I'd strip all of the paint off and put a clear coat on it if it were easy enough. Problem is the body is Agathis which I've never even seen.

I'm also considering just adding a custom tortoise pickguard just to add some contrast to the black paint.

What other options would I have?


----------



## shoretyus (Jan 6, 2007)

some reading for you 

http://www.myguitarsolo.com/usenet/threads_guitar/116577-1.html

http://www.agathis.info/guitars.php


http://www.westwindhardwood.com/hard_a.html the second sample. 


If it's black and painted I doubt that the grain would be that very good.


----------



## skydigger (Oct 20, 2007)

shoretyus said:


> some reading for you
> 
> http://www.myguitarsolo.com/usenet/threads_guitar/116577-1.html
> 
> ...


I found some pics on google images. I know that it will look like crap with a clearcoat. 

I think I'll go the pickguard route. Is there any problem installing a custom pickguard that I should know about?


----------



## Greenman (Feb 18, 2007)

skydigger said:


> I think I'll go the pickguard route. Is there any problem installing a custom pickguard that I should know about?


Play around with your design and get a good fit there should be no problems. If that bass has a polyester finish you wouldn't want to tackle it anyway unless you like heat guns and scrapers.:smile:


----------



## skydigger (Oct 20, 2007)

couldn't get through to Axe Musics website yesterday, so the purchase was never made.

I think I've found an alternative now....


----------



## zontar (Oct 25, 2007)

According to the info at the last site--(West Wind) Alder & Ash are both cheaper per board foot than Agathis--so it can't just be cost that makes them use it for the cheaper guitars & basses. It must also be availability and proximity to where the guitar is constructed (especially Indonesian factories.)

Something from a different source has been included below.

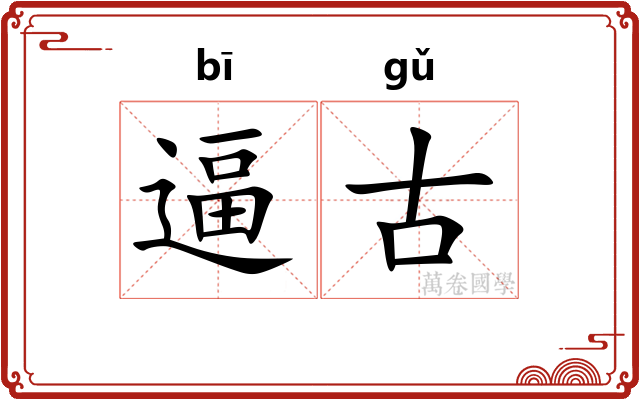 逼古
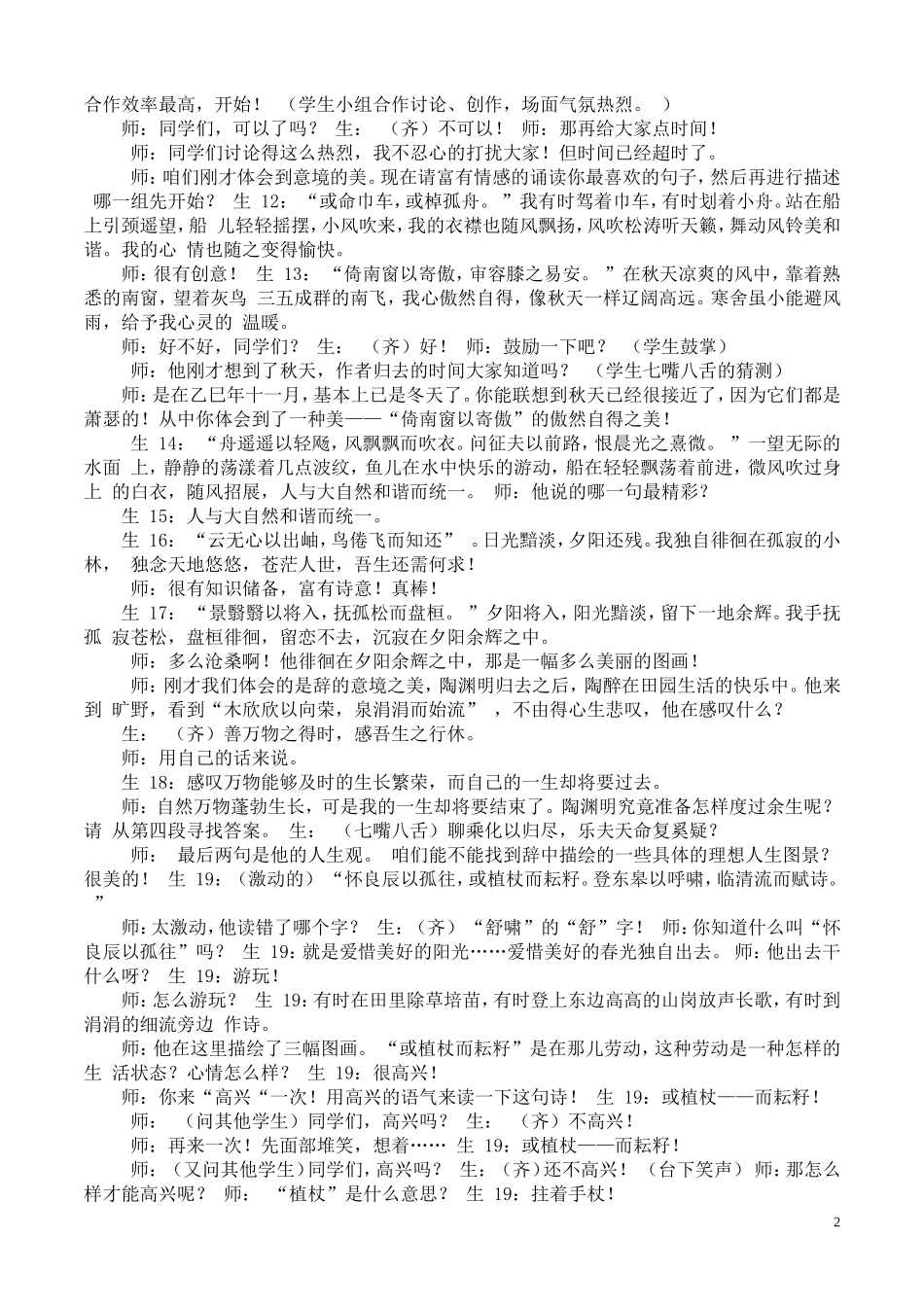归去来兮辞教学设计 (2)_第2页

I have an ash guitar--and it's a great guitar wood.


----------



## skydigger (Oct 20, 2007)

Agathis is common in Indonesia where this ibanez bass is made.


----------



## zontar (Oct 25, 2007)

skydigger said:


> Agathis is common in Indonesia where this ibanez bass is made.


That's what I said...


> It must also be availability and proximity to where the guitar is constructed (especially Indonesian factories.)


That was my reason for why they would use Agathis and not other woods--it is close to them and therefore is probably cheaper--as well as the labour is cheaper than anywhere that alder & ash are common.

Still if you move up ot the mid priced Ibanez basses you get basswood.
Or move up to this one and get mahogany and poplar burl--I've seen these in person--even nicer looking, and they play great--of course the extra price may not be an option for everybody.

And to get back on topic--If you don't like the black finish a custom pickguard is probably the best option.


----------